Bu ne biçim MİT Müsteşarıdır ki, Genelkurmay Başkanı’na tertip düzenliyor!

*VİDEO HABER*
İşçi Partisi, bugün eski MİT Müsteşarı Şenkal Atasagun’un yalan ve iftira oldukları açıkça anlaşılan sözde bilgilerden hareketle “Ergenekon Şeması” düzenleyerek suç işlediği gerekçesiyle Ankara Cumhuriyet Başsavcılığı’na suç duyurusunda bul...

Tarih:

*VİDEO HABER*
İşçi Partisi, bugün eski MİT Müsteşarı Şenkal Atasagun’un yalan ve iftira oldukları açıkça anlaşılan sözde bilgilerden hareketle “Ergenekon Şeması” düzenleyerek suç işlediği gerekçesiyle Ankara Cumhuriyet Başsavcılığı’na suç duyurusunda bulundu. Partisinin şikâyet dilekçesini Başsavcılığa sunan Özbey, başvurunun ardından basın açıklaması yaptı. Özbey’in açıklaması şöyle;
• “Ergenekon” şeması Şenkal Atasagun ve ekibi tarafından hazırlanmıştır.
• Türkiye’de bir şema terörü estirilmektedir.
• Yalan ve iftiralarla düzenlenen şemalar ile Türk Ordusu, İşçi Partisi ve bütün Atatürkçüler hedef alınmaktadır.



Türkiye, “Ergenekon” adı verilen bir tertip ile karşı karşıyadır.
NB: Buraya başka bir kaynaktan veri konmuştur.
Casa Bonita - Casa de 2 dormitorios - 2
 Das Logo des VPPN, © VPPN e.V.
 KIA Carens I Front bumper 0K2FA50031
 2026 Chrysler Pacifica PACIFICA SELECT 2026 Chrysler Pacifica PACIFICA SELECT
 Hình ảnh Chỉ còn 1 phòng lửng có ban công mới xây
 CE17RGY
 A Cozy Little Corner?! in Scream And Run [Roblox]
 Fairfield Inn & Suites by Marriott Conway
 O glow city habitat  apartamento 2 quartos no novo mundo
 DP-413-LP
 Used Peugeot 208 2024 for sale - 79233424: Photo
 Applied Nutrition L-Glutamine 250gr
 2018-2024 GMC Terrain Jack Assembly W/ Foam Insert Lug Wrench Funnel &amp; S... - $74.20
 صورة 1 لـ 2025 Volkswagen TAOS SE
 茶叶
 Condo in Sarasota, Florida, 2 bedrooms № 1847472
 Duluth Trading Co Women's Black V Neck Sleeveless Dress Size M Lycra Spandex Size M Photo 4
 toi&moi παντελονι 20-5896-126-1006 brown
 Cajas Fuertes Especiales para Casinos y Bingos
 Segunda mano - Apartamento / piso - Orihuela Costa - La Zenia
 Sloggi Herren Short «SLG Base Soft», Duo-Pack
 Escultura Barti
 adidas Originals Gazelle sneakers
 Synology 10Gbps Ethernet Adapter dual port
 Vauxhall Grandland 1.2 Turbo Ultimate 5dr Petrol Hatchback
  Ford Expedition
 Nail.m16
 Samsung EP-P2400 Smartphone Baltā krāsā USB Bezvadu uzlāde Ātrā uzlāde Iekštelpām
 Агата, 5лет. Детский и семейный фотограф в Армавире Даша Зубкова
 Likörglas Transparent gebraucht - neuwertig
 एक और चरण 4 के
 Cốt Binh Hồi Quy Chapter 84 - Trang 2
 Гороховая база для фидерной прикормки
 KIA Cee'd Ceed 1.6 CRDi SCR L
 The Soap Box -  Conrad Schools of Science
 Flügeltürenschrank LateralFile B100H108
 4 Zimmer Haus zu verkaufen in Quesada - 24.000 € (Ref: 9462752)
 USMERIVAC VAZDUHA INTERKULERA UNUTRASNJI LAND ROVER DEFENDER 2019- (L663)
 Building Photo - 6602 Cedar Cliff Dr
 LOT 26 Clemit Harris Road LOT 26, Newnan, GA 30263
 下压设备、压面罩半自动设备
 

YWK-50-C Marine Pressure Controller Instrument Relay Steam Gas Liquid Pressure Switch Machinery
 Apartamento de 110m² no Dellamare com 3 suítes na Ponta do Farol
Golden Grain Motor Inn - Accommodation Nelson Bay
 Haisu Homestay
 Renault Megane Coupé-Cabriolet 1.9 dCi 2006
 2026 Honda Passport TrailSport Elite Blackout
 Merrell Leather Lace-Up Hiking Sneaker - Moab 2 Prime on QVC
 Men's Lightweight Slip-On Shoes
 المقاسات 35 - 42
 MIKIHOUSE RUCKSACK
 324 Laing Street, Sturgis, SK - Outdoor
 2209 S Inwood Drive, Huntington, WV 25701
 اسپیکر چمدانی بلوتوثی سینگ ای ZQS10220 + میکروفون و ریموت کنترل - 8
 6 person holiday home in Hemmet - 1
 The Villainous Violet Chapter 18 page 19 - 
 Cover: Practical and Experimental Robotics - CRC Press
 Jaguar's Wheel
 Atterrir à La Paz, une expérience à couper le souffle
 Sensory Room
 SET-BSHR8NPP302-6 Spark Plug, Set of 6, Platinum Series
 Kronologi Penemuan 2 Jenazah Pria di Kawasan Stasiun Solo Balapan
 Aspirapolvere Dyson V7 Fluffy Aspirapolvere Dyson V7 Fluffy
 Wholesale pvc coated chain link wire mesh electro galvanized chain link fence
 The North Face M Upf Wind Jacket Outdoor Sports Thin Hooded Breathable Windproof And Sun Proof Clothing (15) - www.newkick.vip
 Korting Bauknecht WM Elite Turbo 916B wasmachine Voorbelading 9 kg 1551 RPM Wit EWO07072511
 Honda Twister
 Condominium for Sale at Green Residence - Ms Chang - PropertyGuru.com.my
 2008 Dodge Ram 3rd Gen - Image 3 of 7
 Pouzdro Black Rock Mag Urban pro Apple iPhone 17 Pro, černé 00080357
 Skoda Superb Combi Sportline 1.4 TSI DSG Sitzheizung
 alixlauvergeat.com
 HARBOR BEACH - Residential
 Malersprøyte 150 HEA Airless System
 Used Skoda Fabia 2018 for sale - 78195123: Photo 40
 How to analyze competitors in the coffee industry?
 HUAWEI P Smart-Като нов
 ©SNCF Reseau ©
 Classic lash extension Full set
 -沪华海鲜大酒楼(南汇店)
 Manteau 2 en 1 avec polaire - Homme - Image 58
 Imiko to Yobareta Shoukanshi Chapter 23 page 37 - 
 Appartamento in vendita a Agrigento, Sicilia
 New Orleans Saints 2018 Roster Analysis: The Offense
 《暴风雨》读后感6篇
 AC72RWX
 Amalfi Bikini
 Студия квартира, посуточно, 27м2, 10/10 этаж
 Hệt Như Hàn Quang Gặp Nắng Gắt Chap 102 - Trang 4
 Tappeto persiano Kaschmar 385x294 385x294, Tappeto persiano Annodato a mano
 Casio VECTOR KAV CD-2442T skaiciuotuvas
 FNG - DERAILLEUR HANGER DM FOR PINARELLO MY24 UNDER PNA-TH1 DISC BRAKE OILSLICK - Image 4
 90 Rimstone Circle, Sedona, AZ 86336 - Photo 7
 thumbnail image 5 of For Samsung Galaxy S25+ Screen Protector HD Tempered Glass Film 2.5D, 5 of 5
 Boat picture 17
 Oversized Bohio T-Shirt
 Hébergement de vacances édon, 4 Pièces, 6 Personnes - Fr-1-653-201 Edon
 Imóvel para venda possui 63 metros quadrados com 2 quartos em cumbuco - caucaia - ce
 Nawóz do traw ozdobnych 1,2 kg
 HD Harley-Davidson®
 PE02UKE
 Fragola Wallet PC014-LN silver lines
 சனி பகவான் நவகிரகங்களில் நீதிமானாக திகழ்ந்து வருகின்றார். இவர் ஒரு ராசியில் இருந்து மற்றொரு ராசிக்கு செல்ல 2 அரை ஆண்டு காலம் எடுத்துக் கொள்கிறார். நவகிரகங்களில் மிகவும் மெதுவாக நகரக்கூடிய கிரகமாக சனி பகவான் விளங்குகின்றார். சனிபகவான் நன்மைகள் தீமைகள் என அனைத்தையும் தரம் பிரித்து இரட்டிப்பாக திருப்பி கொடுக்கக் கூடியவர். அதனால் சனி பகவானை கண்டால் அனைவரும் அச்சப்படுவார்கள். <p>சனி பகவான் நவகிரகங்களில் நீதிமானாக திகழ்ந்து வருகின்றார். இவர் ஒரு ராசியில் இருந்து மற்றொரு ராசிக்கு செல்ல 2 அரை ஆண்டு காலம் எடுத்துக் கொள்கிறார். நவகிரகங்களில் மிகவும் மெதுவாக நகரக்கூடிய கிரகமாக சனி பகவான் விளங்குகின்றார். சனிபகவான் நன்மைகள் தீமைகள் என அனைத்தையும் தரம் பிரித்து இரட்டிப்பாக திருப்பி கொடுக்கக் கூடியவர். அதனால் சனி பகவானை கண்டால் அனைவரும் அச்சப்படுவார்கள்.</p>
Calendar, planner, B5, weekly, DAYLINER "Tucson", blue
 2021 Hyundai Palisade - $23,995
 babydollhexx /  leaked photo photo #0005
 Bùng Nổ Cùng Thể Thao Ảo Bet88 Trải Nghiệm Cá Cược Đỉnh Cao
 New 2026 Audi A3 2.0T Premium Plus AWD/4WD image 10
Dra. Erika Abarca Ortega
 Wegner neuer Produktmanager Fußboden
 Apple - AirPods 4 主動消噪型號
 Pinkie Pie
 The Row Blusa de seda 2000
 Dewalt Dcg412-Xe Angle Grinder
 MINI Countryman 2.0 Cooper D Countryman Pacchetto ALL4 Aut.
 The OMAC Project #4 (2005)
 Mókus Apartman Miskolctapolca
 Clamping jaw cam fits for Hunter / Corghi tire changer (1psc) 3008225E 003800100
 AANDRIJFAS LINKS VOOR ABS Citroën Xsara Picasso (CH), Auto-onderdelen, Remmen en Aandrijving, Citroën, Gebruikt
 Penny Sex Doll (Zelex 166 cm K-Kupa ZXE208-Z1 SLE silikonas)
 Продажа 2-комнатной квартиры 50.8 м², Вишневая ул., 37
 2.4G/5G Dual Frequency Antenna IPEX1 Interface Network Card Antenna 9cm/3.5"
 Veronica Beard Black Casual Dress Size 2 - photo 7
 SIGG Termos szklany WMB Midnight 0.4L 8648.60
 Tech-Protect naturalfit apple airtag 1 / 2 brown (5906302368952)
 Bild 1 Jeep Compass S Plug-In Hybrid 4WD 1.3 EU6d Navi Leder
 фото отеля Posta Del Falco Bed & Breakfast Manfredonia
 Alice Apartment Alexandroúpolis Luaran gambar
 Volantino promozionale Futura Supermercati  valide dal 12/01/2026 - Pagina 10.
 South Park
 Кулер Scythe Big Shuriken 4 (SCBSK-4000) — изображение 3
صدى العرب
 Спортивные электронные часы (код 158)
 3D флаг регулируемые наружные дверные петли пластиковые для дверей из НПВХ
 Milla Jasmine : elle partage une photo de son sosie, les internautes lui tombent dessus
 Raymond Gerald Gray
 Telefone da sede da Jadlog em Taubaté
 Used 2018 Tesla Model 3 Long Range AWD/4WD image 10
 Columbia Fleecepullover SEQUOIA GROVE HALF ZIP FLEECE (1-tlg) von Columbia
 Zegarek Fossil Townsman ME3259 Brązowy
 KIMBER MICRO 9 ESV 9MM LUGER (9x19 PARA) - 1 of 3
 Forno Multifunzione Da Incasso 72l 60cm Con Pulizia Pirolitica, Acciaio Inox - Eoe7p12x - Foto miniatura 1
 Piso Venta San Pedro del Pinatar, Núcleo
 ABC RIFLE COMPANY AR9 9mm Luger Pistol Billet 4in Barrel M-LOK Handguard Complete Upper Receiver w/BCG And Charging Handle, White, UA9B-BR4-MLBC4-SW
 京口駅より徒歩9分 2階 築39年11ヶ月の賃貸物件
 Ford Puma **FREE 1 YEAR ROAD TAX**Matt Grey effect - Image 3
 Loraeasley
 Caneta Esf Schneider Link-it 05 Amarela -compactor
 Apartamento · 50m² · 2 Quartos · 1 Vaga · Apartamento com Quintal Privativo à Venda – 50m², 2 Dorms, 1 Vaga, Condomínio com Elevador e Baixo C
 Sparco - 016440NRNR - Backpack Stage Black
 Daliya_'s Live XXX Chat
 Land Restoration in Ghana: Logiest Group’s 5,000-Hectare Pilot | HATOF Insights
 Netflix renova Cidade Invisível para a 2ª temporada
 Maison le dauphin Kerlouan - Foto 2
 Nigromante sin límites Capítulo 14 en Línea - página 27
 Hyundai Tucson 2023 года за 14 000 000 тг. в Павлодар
Tertibin hedefi başta Türk Ordusu ve İşçi Partisi olmak üzere Atatürk Cumhuriyeti’ni savunan kurum ve kişilerdir. Bu kapsamda ülkemiz şema tertipleriyle karartılmaya çalışılıyor. “Şema terörü” estiriliyor.



Şenkal Atasagun ve ekibi başından bu yana şema tertibinin içindedir. Şenkal Atasagun, Milli İstihbarat Teşkilatı müsteşarı olduğu 2002 yılında ekibiyle birlikte bir şema hazırlamıştır.
Şemada, sözde “Ergenekon” örgütünün kurucu ve yöneticileri olduğu iddia edilen 69 kişinin ismi bulunmaktadır. Bu kişilerin arasında Genelkurmay Başkanları, Kuvvet Komutanları, İşçi Partisi Genel Başkanı Doğu Perinçek, CHP Genel Başkanı Deniz Baykal, işadamları, gazeteciler, aydınlar yer almaktadır.
Şenkal Atasagun, yalan ve iftiralardan ibaret olduğu ilk bakışta kolaylıkla anlaşılan sözde bilgileri, gerçek ve doğru bilgilermiş gibi rapor haline getirmiştir. Bununla yetinmeyen Atasagun, bir de bunun şemasını çizip TSK’nın komuta kademesini, Genelkurmay Başkanlarını, Kuvvet Komutanlarını, siyasi partilerimizin liderlerini, saygın işadamlarını, gazetecilerini, akademisyenlerini bu sözde suç örgütünün elemanları olarak göstermiştir. Böylece kamu görevini kullanmak suretiyle iftiraya ortak olmuş, resmi sıfatı ile devlet katında iftiraya inandırıcılık katmaya yeltenmiş ve maalesef başarılı olmuştur.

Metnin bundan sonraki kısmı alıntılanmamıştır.